(Repeats story that ran Sunday with no change to headline or text)
By Karen Braun
NAPERVILLE, Ill., Feb 12 (Reuters) – Price strength since late January implies money managers may have increased or at least maintained overall bullishness across Chicago grains and oilseeds, though confirmation remains absent amid a data delay.
As of late January, large speculators held moderate to large net long positions across CBOT corn, soybeans and soybean products, and those collectively outweighed their sizable net short in CBOT wheat.
A ransomware attack on ION Markets earlier this month prevented customers from collecting and reporting daily positions to the U.S. Commodity Futures Trading Commission.
As a result, CFTC has so far postponed the Feb. 3 and Feb. 10 publications of its weekly Commitments of Traders (COT) data, stating on Friday that it still had not received sufficient information. The report will resume once the remaining data is collected, but the possible timing is unknown.

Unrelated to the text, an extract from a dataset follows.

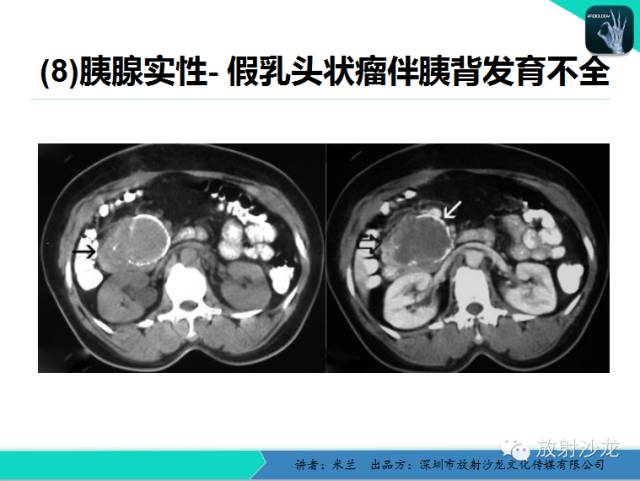 【PPT】少女瘤-胰腺实性-假乳头状瘤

The last COT report was released Jan. 27 and covered the week ended Jan. 24, so intel on various market participants’ positioning has been unavailable ever since. CBOT futures have mostly strengthened since then.
Close market watchers believe money managers were strong net buyers of CBOT soybean, wheat and soymeal futures from Jan. 25 through Feb. 10. Funds were also seen as modest buyers of corn and modest sellers of soyoil during the period.
Between Jan. 25 and Feb. 10, CBOT soybean meal futures rose 8.6%, the most of any grain or oilseed contract. That includes a top of $501 per short ton on Feb. 10, the most-active’s highest since June 2014, motivated by further deterioration of drought-stricken soybeans in Argentina.
Most-active soybeans rose 3.6% in that 13-day stretch, reaching an 8-session high of $15.43-1/4 per bushel on Friday and settling just below. CBOT soybean oil is the only grain or oilseed to have fallen since Jan. 25, ending the period down 0.7% but having dropped as much as 4.2%.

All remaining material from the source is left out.